Work instruction:
Return only that part of the material below which starts with the line containing "Affittacamere Vatican Domus 4*" and goes on through the line containing "Fransk vintage julekugle", restated exactly.

Exercise data:
----------------

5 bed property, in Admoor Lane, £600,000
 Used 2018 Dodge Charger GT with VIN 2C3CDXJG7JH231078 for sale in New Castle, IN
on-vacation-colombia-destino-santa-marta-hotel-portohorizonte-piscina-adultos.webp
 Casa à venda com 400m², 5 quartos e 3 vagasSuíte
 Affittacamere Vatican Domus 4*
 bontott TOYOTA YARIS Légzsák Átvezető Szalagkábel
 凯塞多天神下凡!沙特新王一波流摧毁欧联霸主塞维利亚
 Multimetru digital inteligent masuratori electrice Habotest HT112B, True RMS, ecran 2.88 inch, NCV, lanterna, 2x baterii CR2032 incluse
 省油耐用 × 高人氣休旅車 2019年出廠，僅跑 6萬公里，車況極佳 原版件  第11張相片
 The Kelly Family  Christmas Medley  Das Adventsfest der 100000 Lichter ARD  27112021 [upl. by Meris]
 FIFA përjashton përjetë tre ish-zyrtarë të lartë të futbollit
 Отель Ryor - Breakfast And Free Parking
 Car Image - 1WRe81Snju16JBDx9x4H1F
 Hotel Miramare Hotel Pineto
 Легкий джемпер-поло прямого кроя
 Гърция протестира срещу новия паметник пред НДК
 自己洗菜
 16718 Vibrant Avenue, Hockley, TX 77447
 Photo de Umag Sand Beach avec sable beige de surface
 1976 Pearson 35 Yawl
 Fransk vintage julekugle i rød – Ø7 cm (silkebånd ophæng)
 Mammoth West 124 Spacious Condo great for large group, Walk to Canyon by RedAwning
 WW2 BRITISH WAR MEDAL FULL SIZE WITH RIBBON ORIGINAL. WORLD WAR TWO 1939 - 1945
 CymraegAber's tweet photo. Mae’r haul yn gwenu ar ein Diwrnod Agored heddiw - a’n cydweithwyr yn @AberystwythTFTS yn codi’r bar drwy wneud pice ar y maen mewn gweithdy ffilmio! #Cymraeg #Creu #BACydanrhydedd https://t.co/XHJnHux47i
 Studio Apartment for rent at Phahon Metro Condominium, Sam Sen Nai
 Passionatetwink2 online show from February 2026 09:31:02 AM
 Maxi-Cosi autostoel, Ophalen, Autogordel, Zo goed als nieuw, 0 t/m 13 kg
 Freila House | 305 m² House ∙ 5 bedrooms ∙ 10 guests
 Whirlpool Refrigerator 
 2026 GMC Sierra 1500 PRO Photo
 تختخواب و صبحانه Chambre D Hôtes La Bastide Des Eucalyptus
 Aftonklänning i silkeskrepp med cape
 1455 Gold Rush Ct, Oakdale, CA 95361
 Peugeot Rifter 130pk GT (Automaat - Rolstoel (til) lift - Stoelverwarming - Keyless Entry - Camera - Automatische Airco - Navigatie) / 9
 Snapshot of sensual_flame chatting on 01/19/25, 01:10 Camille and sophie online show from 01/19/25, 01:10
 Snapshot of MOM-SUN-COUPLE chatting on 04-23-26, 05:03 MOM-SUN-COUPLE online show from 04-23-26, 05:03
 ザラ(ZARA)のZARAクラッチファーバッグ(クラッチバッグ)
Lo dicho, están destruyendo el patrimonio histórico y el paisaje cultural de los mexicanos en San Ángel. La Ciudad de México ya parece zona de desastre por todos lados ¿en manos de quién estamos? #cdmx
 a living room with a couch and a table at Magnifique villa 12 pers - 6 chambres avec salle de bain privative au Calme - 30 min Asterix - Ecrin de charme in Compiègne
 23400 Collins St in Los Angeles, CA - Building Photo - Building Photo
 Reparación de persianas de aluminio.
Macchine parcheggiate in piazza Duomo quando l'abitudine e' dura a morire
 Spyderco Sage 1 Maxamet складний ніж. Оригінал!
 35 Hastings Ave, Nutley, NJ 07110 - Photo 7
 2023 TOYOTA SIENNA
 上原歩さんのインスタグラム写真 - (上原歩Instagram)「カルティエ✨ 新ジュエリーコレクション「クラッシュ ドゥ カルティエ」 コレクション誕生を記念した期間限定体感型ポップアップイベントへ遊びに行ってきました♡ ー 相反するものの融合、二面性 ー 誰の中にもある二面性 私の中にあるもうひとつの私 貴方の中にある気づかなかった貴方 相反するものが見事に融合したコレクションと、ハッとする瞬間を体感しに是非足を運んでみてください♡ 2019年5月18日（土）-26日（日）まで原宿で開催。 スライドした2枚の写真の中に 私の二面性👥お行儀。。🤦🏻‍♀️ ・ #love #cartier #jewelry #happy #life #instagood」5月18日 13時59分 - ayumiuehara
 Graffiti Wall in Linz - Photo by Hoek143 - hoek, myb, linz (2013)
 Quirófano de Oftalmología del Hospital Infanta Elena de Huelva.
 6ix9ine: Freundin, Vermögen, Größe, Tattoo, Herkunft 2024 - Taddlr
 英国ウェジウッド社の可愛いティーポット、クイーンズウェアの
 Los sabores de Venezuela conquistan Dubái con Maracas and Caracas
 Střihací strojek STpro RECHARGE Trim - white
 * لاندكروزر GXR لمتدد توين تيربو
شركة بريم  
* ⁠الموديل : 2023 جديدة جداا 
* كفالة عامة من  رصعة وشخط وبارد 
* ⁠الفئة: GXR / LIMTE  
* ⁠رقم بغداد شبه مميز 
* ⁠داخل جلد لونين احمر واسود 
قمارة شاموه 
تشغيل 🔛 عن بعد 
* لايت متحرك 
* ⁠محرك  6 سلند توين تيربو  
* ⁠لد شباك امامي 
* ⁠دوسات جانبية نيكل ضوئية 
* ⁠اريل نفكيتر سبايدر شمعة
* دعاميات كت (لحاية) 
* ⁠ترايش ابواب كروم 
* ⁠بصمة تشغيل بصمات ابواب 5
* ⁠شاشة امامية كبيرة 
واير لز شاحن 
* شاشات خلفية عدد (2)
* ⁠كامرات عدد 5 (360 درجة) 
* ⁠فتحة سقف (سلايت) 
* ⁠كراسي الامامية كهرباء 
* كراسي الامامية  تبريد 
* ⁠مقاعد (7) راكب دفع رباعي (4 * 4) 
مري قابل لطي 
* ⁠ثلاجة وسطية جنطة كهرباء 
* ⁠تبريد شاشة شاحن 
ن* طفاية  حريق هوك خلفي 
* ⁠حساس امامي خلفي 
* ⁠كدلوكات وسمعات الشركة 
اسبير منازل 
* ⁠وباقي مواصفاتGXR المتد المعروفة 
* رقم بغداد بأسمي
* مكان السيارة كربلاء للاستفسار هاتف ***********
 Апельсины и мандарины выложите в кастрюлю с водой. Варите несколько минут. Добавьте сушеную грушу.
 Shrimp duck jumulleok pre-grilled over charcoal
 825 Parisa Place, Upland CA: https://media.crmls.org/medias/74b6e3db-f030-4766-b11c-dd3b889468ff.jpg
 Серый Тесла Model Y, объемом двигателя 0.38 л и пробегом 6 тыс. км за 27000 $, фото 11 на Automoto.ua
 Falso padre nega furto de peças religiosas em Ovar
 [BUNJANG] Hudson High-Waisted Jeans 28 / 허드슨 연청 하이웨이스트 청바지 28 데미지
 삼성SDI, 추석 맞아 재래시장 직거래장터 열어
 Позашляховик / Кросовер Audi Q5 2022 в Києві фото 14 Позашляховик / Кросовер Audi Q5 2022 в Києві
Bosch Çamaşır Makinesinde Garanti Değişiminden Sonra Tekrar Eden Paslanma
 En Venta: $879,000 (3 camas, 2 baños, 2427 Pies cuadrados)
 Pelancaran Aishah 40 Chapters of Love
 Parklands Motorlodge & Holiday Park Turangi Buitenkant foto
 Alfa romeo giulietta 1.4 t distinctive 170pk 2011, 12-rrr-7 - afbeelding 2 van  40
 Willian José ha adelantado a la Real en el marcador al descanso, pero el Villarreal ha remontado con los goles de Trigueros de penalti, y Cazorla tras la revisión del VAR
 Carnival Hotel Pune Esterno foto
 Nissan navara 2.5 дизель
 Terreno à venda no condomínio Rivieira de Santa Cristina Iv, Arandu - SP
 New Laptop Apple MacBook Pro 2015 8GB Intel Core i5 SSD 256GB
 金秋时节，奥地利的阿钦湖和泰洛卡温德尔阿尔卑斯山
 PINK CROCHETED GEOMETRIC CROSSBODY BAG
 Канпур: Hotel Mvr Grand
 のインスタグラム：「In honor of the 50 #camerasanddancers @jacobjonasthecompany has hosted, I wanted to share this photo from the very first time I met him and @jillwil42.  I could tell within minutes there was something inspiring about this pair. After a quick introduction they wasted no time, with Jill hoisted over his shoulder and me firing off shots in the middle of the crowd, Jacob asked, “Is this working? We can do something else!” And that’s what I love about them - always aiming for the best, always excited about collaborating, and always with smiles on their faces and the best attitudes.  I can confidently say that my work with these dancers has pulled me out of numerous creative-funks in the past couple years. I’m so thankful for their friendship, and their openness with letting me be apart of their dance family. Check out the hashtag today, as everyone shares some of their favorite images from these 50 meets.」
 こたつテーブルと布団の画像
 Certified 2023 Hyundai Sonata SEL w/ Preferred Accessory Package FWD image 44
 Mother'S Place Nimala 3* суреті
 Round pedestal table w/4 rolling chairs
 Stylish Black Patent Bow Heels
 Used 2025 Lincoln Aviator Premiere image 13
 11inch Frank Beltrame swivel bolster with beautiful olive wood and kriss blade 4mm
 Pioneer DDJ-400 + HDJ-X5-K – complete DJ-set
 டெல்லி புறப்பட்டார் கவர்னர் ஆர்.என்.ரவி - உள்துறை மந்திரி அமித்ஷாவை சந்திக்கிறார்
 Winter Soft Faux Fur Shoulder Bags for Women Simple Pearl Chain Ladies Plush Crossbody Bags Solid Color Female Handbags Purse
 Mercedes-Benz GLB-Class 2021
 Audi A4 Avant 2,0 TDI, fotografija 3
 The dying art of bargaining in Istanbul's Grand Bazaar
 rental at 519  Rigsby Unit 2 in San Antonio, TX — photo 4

----------------

Task answer:
 Affittacamere Vatican Domus 4*
 bontott TOYOTA YARIS Légzsák Átvezető Szalagkábel
 凯塞多天神下凡!沙特新王一波流摧毁欧联霸主塞维利亚
 Multimetru digital inteligent masuratori electrice Habotest HT112B, True RMS, ecran 2.88 inch, NCV, lanterna, 2x baterii CR2032 incluse
 省油耐用 × 高人氣休旅車 2019年出廠，僅跑 6萬公里，車況極佳 原版件  第11張相片
 The Kelly Family  Christmas Medley  Das Adventsfest der 100000 Lichter ARD  27112021 [upl. by Meris]
 FIFA përjashton përjetë tre ish-zyrtarë të lartë të futbollit
 Отель Ryor - Breakfast And Free Parking
 Car Image - 1WRe81Snju16JBDx9x4H1F
 Hotel Miramare Hotel Pineto
 Легкий джемпер-поло прямого кроя
 Гърция протестира срещу новия паметник пред НДК
 自己洗菜
 16718 Vibrant Avenue, Hockley, TX 77447
 Photo de Umag Sand Beach avec sable beige de surface
 1976 Pearson 35 Yawl
 Fransk vintage julekugle i rød – Ø7 cm (silkebånd ophæng)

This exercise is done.